There's film noir, soap opera, and rat-a-tat-tat dark humor, all expertly woven. Naturally, WB tried to duplicate the huge success, so they churned a lot of noir soaps out, some named after the female characters, like Nora Prentiss and Flaxy Martin. Joan did several self-titled soaps, like Daisy Kenyon and Harriet Craig. Crawford also played a clutch of mature women from the wrong side of the tracks, clawing their way to the lonely top. Some were successes, some were not. Mildred Pierce is endlessly fascinating, and trying to replicate it was trying to catch lighting in a bottle.
FYI: I put all the movie overflow on my public FB  movie page. 
Another great scene between Blyth's vicious Veda & Crawford's long-suffering Mildred.


  1. Bravo!! Beautifully done, and chock full of great detail! I had no idea Stanwyck was considered for Mildred - I think she would have done a great job, but it is one of those "what ifs" that will be consigned to movie history. I do think this as Joan's absolute peak - she's hanging onto that Oscar for dear life! She EARNED it!!

    1. Hi Kristy, thanks! I put a lot into this one, and try to cover aspects that haven't been discussed...Which is why I didn't write about Mildred for so long. It's been covered so much! I think most of the major WB actresses were considered. And Mildred is sort of an everywoman sort of character that several actresses might have been effective, too. But Joan was the right actress at the right time, and she did a great job! Cheers, Rick

  2. Ann Sheridan got her turn in Nora Prentiss. Great job as usual, Rick!

    1. Thank you!
      I'm taking advantage of the unexpected time off and writing ahead on my blog!
      Cheers, Rick

  3. I loved reading this! It's such a GREAT movie with so much to offer. As you say, the humor, the drama, the compelling storyline... All with JC in firm command of her faculties and driving it forward beautifully. I live for the moment when she barks out, "VEDA!" And Blyth was quite accomplished for her age. Great at being a real bitch, even though she was by all accounts very nice in real life. I cannot tell you how much I want Hallmark to do a leading ladies series of holiday ornaments, one of them being JC in her fur hat and coat (fur?!@?!) and gun (gun!?!?) - LOL But, no, we need more National Lampoon, NFL players and Star Wars instead.... It's a crime that Dorothy McGuire wasn't recognized for ATGIB. She (and the whole thing) was just wonderful. Thanks for all the great insights, tidbits, etc...

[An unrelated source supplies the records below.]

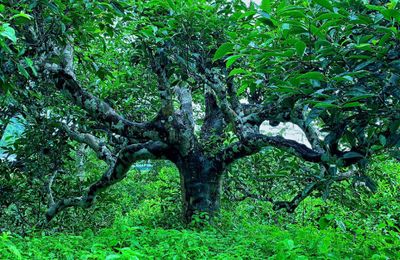 Tinh hoa trà Hoàng Su Phì: Hương rừng, vị núi, hồn đất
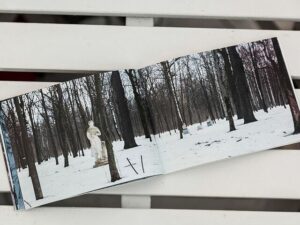 Olga Matveeva. NorthEast - Image 5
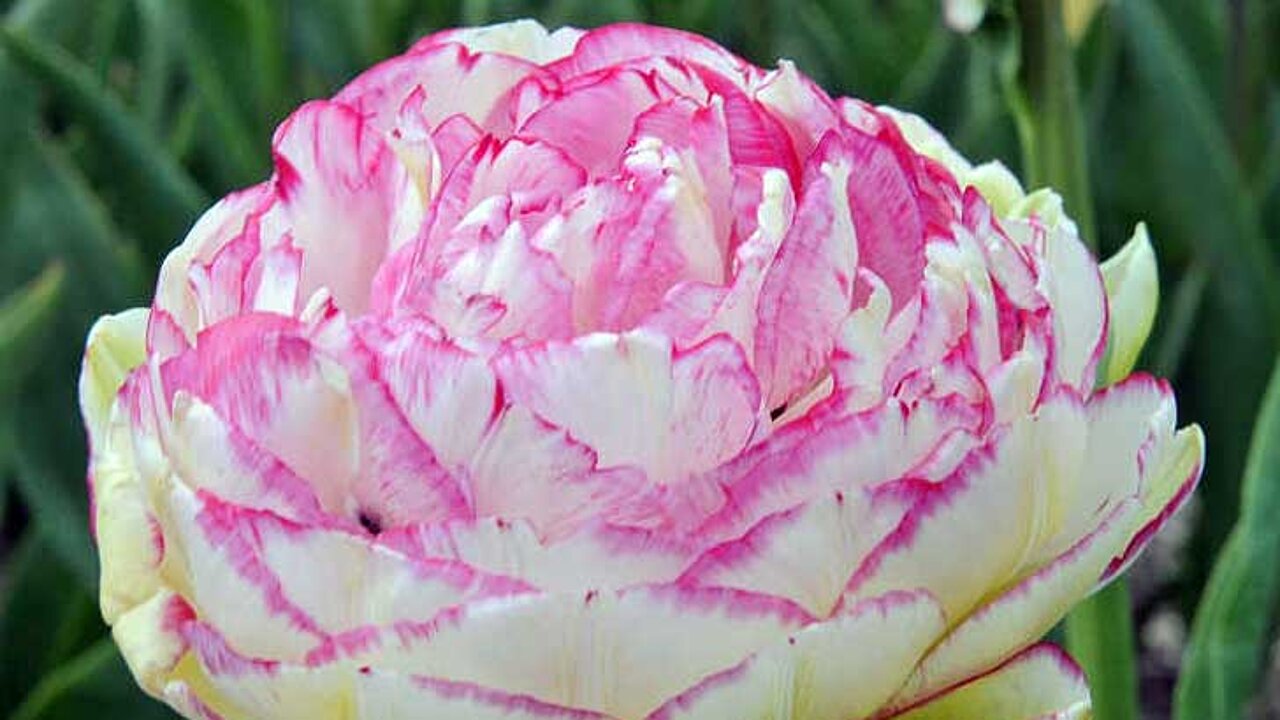 Tulpen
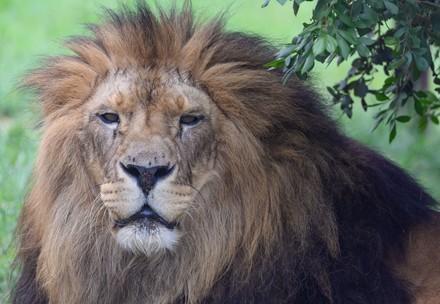 Big cats need our help!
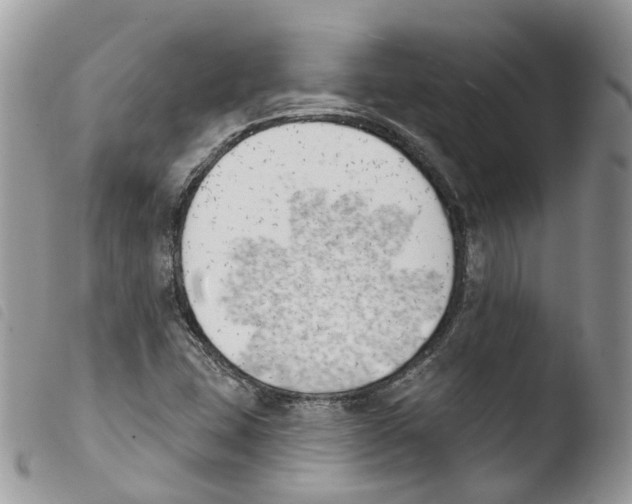 X0000103911407200810171654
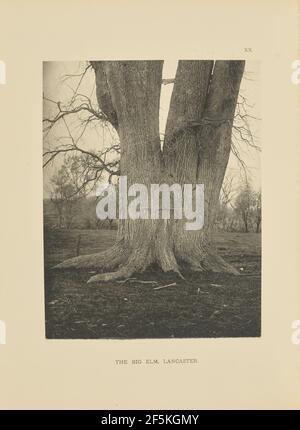 Die Große Ulme, Lancaster. Henry Brooks (Amerikaner, geboren 1857) Stockfoto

    1. Hi Poseidon! I give Ann Blyth credit, when asked about being able to play such a bitch at 17, she's been quite honest that everyone has a dark place in themselves and she tapped into it! The thought of a JC Christmas ornament sporting a fur and gun gave me a morning giggle! And McGuire getting over looked that year is a pet peeve of mine, as aside from Crawford, the other noms were not esp. worthy that year. I put a lot into this one, so thank you. And thanks for keeping your blog up when you're so busy. Cheers, Rick

  4. Absolutely speechless to say. Love very much.

    1. Thanks! Glad you enjoyed. I could watch Mildred weekly!